Annals of Diplomacy- The Double Game
The unintended consequences of American funding in Pakistan.by Lawrence Wright May 16, 2011 The New Yorker
Ask the Authors: Join a live chat with Steve Coll and Lawrence Wright about Osama bin Laden on Tuesday, May 10, at 4:30 P.M. E.T.Keywords
Pakistan;Diplomacy;Foreign Policy;Foreign Aid;Inter-Services Intelligence (I.S.I.);Osama bin Laden;Terrorism, TerroristsIt’s the end of the Second World War, and the United States is deciding what to do about two immense, poor, densely populated countries in Asia. America chooses one of the countries, becoming its benefactor. Over the decades, it pours billions of dollars into that country’s economy, training and equipping its military and its intelligence services. The stated goal is to create a reliable ally with strong institutions and a modern, vigorous democracy. The other country, meanwhile, is spurned because it forges alliances with America’s enemies.
The country not chosen was India, which “tilted” toward the Soviet Union during the Cold War. Pakistan became America’s protégé, firmly supporting its fight to contain Communism. The benefits that Pakistan accrued from this relationship were quickly apparent: in the nineteen-sixties, its economy was an exemplar. India, by contrast, was a byword for basket case. Fifty years then went by. What was the result of this social experiment?
India has become the state that we tried to create in Pakistan. It is a rising economic star, militarily powerful and democratic, and it shares American interests. Pakistan, however, is one of the most anti-American countries in the world, and a covert sponsor of terrorism. Politically and economically, it verges on being a failed state.
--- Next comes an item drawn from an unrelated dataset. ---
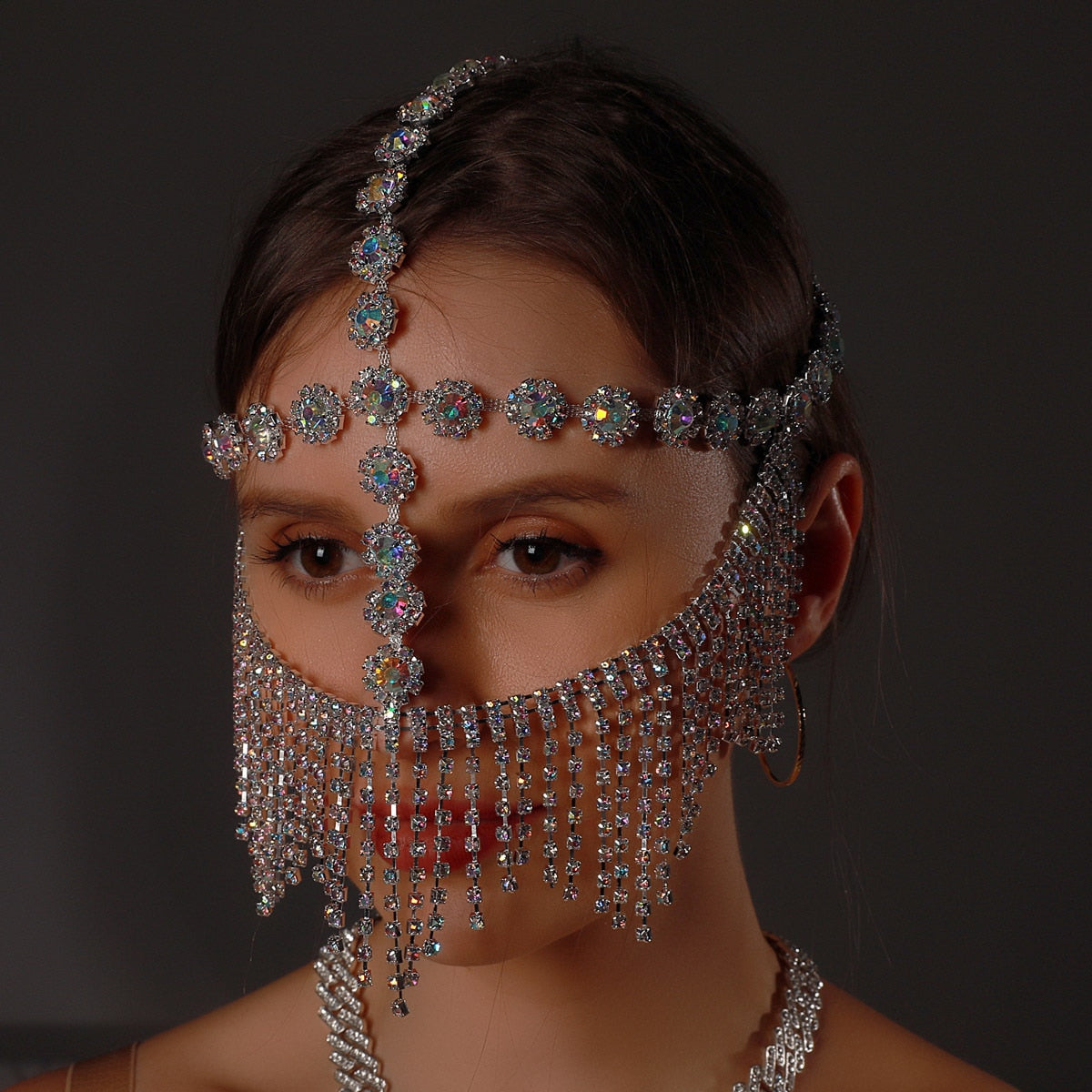 Belladonna Rhinestone Chain Veil Mask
And, despite Pakistani avowals to the contrary, America’s worst enemy, Osama bin Laden, had been hiding there for years—in strikingly comfortable circumstances—before U.S. commandos finally tracked him down and killed him, on May 2nd.
American aid is hardly the only factor that led these two countries to such disparate outcomes. But, at this pivotal moment, it would be a mistake not to examine the degree to which U.S. dollars have undermined our strategic relationship with Pakistan—and created monstrous contradictions within Pakistan itself.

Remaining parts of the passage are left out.